香港系のドラッグストア(薬局)に立ち寄ると、日本のブランドの製品が、あれもこれもと、あちこちに並んでいるのを見ます。

衣類だって、ユニクロにはじまり、さまざまなものが徒歩圏内で、辿りつくことができます。

こんなふうに、延々と、「日本の事物」が、香港の日常のなかに溶けこんでいます。

街を行き来する自動車や工事現場の重機、エレベータやエスカレーターなどの施設、エアコンなどの電化製品などを含めていけば、さらに、香港における「日本の事物」のマップは、密度とひろがりをみせることになりますが、ひとまず、この辺でとめておきます。


思い起こせば、ぼくがほかに住んだ国々、ニュージーランドでも、西アフリカのシエラレオネでも、東ティモールでも、「日本の事物」は、もちろん、それほど日常に溶けこんでいません。

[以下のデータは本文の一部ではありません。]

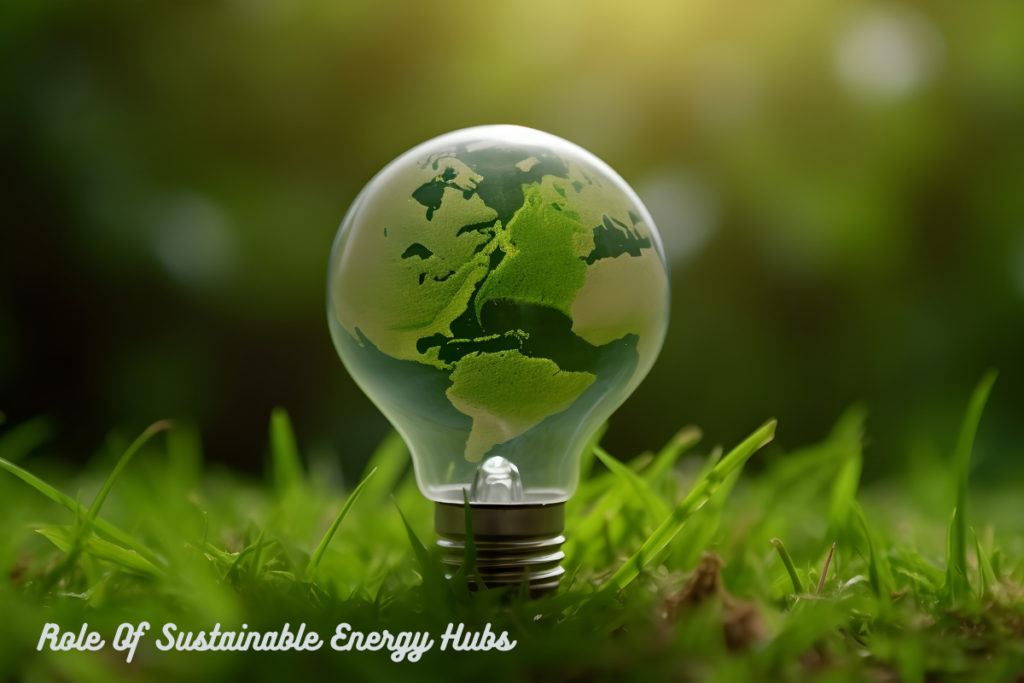 Role of Sustainable Energy Hubs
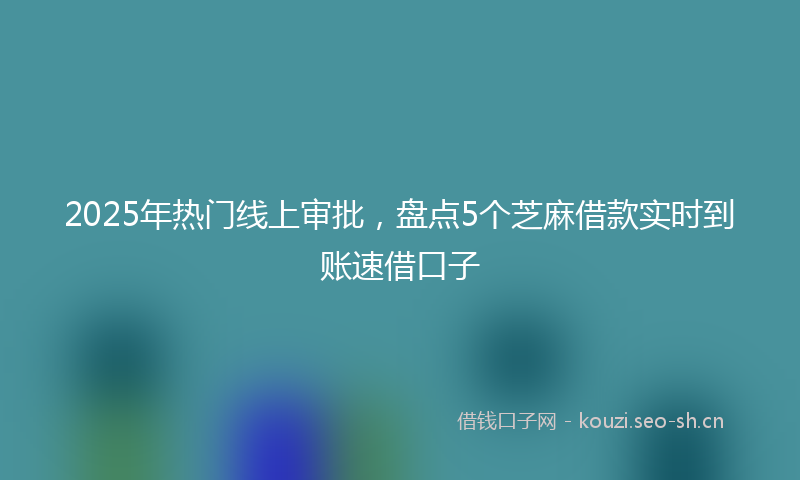 2025年热门线上审批，盘点5个芝麻借款实时到账速借口子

「それほど…」というのは、これらの場所では、日本の自動車や重機や電化製品などは見られるからです。

でも、「香港における日常生活」の視野から見渡すと、上で長々と書いたような、食べ物や日用品などが、これらの場所では、すっぽりと抜け落ちることになります(東ティモールの(数少ない)スーパーマーケットにも、なんと「納豆」があったのですが、それは冷凍された納豆でした)。

この「すっぽり」度が、そのまま、香港における「日本の事物」の溶けこみ具合であり、その溶けこみ具合のはるかなひろがりと深さを、感じざるをえないことになります。


だから何?、と言われるかもしれませんが、この「溶けこみ具合」は、香港で実際に生活してゆくなかでしか、見えてこないことだから、書いています。

貿易にかんする統計値を見ているだけでは、あるいは旅行や出張で訪れてコンビニエンスストアなどを訪れるだけでは、一部しかわからないのではないかと思うのです。

だから、10年以上を香港に住んできて、その溶けこみ具合の一端を書いておこうと思ったわけです。

でも、書きはじめて思ったのですが、日々の生活においてなんとなく知っている/感じている以上に、日本の事物が香港に日常に溶けこんでいて、それは列挙しきれないほどであるのです。